Since then ive studied Russian on and off only being able to keep the азбука and a few words in my memory. 
The past couple weeks I've been very consistent in my studies. I'm finally taking the next step and looking for others who are interested in learning Russia as well already speak it.  
As you can probably guess я очень немного знаю по-русски. I've been studying the new penguin Russian for Beginner's course, which in my opinion, after reading reviews and studying it myself is the best book to learn from of all the books I've studied from,. Along with that book i have a small collection of books consisting of a Russian - English English - Russian dictionary, a pocket sized dictionary and phrase book, a dual language book with 12 classical stories, a book titled "Dirty Russian" full of slang and profanities because honestly who doesnt want to know all that, and lastly my most prized book a full Russian copy of "Метро 2033" that i dream of reading one day. 
Other than my books i use the Duolingo app and listen to Russian radio stations, mostly Наше Радио,.  
Aside from studying Русский яазик im interested in anything Russian. From the cuisine, clothing, history and culture. Not to mention military of course. There was even a point when I was younger when i dreamed of moving to Russia and joining the military to gain my citizenship. I never considered myself Спецназ material but i wanted greatly to make the cut into the ВДВ. Sadly some dreams stay only that though. On that note how ever if there are any Russian's with experience in the Russian military i would enjoy very much to talk with you. 
I'm looking forward to meeting all of you whether you're Russian or not, as we all share a common interest. The desire to learn the Russian or English language as i figure there are those with as good a command of the Russian language as i do with English.  
 До свидания, и добрий день!

----------


## RedFox

Hello and welcome. 
By the way, азбука sounds either archaic or childish nowadays. We normaly use the borrowing алфавит for some reason.

----------


## Event56

Good to know, thanks for the information

----------


## Alex80

Welcome! 
If you haven't seen yet - probably you should give a try to a movie "Come and See". It's not usual war movie, but more anti-war one... Heavy and realistic depiction of war.
It can really give understanding why russians are so sensitive to WWII discussions and hate ignoring role of USSR in it in western media. But it is uncomfortable to see, be prepared.
Movie became public domain, so you can freely watch it in youtube. here and here (two parts)

----------


## EfreytoR_S

Welcome, Dallas!
If you are interested in military history of Imperial Russian Army/Soviet Armed Forces/Russian Armed Forces, feel free to write me.
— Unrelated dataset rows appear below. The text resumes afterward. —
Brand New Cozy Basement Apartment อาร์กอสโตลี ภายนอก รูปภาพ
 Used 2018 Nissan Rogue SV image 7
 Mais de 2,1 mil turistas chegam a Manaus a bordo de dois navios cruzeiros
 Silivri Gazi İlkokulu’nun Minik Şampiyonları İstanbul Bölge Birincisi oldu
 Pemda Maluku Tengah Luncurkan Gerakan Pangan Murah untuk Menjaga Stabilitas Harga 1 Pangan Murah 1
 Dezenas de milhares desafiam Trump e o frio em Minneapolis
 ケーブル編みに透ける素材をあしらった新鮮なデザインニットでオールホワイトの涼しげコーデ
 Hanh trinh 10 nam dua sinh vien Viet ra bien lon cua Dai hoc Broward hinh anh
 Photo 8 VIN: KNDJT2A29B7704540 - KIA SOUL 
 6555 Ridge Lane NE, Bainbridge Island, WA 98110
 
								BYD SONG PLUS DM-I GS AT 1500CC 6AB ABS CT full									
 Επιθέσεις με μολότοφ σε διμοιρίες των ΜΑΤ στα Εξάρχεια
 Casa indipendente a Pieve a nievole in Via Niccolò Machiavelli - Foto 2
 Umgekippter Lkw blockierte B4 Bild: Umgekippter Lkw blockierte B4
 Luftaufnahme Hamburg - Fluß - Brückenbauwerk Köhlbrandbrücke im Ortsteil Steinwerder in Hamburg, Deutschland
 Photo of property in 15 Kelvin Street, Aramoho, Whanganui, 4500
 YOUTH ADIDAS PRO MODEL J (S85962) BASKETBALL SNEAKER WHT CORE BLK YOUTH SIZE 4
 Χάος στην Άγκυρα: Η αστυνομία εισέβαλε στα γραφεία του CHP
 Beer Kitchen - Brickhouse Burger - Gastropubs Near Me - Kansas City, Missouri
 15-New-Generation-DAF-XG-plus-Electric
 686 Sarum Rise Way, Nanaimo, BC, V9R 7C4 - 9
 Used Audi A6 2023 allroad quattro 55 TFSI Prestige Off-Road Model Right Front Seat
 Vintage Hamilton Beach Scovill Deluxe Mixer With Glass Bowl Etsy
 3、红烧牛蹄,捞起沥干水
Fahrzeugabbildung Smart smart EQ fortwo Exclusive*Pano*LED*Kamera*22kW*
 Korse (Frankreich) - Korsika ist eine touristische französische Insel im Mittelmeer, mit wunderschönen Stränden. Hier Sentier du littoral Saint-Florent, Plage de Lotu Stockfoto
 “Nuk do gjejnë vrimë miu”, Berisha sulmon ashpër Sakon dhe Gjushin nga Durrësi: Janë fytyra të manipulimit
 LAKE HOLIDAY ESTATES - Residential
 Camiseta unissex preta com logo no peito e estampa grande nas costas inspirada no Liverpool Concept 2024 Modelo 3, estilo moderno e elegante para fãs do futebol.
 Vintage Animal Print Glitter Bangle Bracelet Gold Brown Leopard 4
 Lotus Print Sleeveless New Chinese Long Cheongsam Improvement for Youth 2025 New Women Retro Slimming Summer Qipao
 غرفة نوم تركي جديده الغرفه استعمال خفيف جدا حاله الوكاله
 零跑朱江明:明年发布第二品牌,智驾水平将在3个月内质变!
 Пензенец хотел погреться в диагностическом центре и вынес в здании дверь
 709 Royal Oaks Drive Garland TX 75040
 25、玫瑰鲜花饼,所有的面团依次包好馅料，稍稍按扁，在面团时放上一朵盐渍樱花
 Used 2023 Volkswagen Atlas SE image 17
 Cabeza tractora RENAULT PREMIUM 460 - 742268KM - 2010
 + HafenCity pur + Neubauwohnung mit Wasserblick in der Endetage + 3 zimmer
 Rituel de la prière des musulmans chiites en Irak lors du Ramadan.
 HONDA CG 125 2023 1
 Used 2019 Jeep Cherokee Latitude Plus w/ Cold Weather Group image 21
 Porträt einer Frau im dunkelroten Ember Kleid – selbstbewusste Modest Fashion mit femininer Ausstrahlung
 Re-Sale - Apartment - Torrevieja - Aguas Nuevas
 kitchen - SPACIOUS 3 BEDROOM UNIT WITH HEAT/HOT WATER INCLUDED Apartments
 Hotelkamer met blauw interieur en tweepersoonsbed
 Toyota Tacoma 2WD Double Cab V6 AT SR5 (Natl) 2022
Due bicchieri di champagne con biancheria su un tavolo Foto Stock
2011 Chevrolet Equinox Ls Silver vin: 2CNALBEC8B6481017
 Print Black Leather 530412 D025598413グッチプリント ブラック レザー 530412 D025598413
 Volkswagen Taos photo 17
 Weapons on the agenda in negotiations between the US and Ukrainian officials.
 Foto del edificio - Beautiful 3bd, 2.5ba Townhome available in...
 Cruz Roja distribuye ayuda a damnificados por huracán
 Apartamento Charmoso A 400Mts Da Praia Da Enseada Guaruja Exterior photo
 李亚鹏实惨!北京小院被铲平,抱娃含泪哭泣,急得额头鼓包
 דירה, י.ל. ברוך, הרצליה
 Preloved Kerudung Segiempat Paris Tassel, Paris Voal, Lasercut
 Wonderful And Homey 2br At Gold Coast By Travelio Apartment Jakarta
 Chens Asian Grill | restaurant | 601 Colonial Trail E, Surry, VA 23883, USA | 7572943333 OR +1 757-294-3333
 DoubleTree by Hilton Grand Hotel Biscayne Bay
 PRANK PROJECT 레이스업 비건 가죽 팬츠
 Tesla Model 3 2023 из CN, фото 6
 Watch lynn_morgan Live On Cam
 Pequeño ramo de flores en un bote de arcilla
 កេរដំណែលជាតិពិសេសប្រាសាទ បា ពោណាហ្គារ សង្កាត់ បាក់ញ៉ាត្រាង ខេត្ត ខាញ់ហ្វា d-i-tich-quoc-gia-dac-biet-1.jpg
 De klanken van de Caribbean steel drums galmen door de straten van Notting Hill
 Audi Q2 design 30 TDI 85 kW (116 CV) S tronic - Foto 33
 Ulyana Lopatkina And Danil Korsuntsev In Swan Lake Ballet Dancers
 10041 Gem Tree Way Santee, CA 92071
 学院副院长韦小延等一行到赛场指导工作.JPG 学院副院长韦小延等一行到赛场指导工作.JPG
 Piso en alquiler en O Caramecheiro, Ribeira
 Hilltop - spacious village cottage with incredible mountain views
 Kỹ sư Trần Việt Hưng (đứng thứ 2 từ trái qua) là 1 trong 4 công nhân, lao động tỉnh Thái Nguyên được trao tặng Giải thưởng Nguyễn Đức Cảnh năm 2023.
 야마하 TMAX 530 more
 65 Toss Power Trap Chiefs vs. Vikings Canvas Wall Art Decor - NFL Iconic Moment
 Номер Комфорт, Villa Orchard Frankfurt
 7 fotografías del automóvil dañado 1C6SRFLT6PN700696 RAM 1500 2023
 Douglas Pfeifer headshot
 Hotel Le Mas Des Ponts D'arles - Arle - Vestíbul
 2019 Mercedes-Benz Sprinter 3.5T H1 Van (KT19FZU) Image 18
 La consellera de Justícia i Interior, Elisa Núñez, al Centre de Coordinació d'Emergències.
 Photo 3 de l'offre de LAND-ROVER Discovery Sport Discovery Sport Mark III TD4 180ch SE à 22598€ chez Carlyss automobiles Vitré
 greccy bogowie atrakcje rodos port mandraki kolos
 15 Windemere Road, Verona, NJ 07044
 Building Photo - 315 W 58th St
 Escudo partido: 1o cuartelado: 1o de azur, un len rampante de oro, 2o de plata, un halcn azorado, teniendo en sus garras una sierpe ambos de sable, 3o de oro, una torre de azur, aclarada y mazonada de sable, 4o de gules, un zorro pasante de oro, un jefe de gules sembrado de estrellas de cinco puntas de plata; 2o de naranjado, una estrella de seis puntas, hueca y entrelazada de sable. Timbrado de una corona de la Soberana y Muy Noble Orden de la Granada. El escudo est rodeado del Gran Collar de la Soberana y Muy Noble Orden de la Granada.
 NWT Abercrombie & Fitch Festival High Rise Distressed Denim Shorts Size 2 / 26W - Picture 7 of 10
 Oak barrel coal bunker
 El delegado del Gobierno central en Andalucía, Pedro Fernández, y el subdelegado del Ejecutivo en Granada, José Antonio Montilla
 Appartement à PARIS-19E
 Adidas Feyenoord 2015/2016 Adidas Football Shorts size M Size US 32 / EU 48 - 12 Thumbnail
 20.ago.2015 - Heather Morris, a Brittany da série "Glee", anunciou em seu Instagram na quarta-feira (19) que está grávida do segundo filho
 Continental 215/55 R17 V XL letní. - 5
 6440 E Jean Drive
It'll be a pleasure for me to share the 'Eastern' perspective on events long passed  ::

----------


## Event56

I watched the movie you suggested and it was very informative, thanks for recommending it. 
Я недавно читал в газете, about Poland removing a monents dedicated to the bravery and sacrifice of soviet troops during ww2  and after having watched this film it makes it just that much more sickening to hear about. It is similar to the removal of confederate monuments currently going on in my country but it is more absurd to see it happen to see it also happening to ww2 monuments. 
Nevertheless thanks again for recommending the film to me.
Спасибо бальшой

----------